Dampak Dari Kepuasan Dan Ketidakpuasan Kerja
 Dampak Terhadap Produktivitas

        Terdapat pandangan bahwa kepuasan kerja merupakan akibat, bukan sebab dari produktivitas. Lawler dan Porter (dalam Munandar, 2001) menjelaskan bahwa produktivitas yang tinggi menyebabkan peningkatan kepuasan kerja hanya jika tenaga kerja mempersepsikan bahwa ganjaran intrinsic (misalnya perasaan telah mencapai sesuatu) dan ganjaran ekstrinsik (misalnya gaji) yang diterima secara adil dan wajar diasosiasikan sebagai unjuk kerja yang unggul. Sebaliknya, jika tenaga kerja tidak mempersepsikan ganjaran instrinsik dan ekstrinsik berasosiasi terhadap unjuk kerja, maka kenaikan dalam unjuk kerja tidak akan berhubungan dengan kenaikan dalam kepuasan kerja (dalam Munandar, 2001)
Dampak Terhadap Kehadiran (Absenteisme) Dan Keluarnya Tenaga Kerja (Turnover)

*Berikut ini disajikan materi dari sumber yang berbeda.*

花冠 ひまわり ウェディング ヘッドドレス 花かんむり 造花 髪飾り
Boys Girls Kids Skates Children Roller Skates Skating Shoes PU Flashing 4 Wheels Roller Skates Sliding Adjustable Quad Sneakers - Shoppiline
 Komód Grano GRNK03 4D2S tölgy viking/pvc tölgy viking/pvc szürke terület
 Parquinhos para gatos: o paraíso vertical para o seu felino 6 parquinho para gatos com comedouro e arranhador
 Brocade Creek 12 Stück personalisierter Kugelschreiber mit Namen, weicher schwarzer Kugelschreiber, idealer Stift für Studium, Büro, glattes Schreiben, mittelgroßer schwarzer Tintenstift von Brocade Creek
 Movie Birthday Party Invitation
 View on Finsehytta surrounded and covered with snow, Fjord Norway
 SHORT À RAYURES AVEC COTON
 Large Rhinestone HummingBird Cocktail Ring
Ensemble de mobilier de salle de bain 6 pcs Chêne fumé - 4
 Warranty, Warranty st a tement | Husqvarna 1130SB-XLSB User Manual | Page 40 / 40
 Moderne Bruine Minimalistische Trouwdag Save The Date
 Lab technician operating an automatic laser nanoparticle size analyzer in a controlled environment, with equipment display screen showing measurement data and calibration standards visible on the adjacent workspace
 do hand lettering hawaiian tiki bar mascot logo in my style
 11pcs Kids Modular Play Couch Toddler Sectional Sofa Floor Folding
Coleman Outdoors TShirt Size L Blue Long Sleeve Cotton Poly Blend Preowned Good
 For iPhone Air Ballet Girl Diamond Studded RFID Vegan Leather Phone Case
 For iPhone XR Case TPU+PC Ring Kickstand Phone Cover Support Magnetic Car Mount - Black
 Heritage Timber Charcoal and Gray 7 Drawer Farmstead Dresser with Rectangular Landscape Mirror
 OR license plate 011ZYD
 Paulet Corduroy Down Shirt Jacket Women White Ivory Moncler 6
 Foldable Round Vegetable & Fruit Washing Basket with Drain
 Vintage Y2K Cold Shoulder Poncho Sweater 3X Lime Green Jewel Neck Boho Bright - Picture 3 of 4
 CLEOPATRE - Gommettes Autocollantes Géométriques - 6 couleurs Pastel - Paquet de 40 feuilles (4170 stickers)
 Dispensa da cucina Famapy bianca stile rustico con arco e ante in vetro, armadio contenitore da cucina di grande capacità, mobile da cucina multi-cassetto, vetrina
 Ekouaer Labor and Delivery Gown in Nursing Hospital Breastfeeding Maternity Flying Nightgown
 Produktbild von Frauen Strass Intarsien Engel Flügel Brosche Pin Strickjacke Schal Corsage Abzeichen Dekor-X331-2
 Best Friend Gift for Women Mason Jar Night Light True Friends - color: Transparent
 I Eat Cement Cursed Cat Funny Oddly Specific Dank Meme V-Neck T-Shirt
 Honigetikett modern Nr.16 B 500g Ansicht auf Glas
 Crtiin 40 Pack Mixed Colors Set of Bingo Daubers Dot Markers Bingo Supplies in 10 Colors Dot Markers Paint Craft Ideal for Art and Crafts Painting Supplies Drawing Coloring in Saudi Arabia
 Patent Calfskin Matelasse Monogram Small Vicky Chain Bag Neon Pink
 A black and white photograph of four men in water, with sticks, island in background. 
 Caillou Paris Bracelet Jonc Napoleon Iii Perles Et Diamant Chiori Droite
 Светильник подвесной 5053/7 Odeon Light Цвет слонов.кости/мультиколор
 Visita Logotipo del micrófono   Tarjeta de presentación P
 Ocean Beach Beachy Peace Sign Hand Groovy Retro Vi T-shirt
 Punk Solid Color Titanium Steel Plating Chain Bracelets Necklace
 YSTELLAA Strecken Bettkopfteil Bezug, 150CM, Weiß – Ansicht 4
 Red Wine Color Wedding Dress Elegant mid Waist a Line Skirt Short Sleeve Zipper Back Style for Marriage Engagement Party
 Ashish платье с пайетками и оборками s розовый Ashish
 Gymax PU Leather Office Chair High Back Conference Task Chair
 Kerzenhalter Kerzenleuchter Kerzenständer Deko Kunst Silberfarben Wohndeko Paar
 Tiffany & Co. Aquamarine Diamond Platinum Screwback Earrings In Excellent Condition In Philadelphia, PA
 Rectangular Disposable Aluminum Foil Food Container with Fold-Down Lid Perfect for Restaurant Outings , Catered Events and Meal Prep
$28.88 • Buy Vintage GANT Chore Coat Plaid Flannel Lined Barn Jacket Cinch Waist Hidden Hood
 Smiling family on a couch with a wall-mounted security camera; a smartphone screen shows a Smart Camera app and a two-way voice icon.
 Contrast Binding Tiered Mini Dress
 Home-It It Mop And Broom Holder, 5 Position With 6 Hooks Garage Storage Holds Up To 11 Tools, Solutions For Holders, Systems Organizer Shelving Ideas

            Porter dan Steers (dalam Munandar, 2008) menyimpulkan bahwa ketidakhadiran dan berhenti bekerja merupakan jawaban yang berbeda secara kualitatif, ketidakhadiran bersifat lebih spontan dan tidak mencerminkan ketidakpuasan kerja, sebaliknya berhenti atau keluar dari pekerjaan mempunyai akibat ekonomis yang besar, maka lebih besar kemungkinannya memiliki hubungan terhadap ketidakpuasan kerja.

      Menurut Robbins (dalam Munandar, 2001) ketidakpuasan tenaga kerja dapat diungkapkan dengan empat cara.

  1.    Keluar (exit) merupakan ketidakpuasan kerja yang diungkapkan dengan meninggalkan pekerjaan yaitu, mencari pekerjaan lain. 
  2.     Menyuarakan (voice) merupakan ketidakpuasan yang diungkapkan melalui usaha aktif dan konstruktif untuk memperbaiki kondisi seperti, memberikan saran perbaikan, mendiskusikan masalah dengan atasannya. 
  3.      Mengabaikan (Neglect) merupakan ketidakpuasan yang diungkapkan melalui sikap membiarkan keadaan menjadi lebih buruk, seperti terlambat. 
  4.      Kesetiaan (loyality) merupakan ketidakpuasan yang diungkapkan dengan menunggu secara pasif sampai kondisinya menjadi lebih baik.
                                                                                           

Dampak Terhadap Kesehatan
        Terdapat bukti bahwa kepuasan kerja berhubungan dengan kesehatan fisik dan mental. Tingkat dari kepuasan kerja berhubungan dengan kesehatan, sehingga penngkatan dari yag satu dapat meningkatkan yang lain dan sebaliknya penurunan yang atu mempunyai akibat yang negative juga pada yang lain (dalam Munandar, 2001).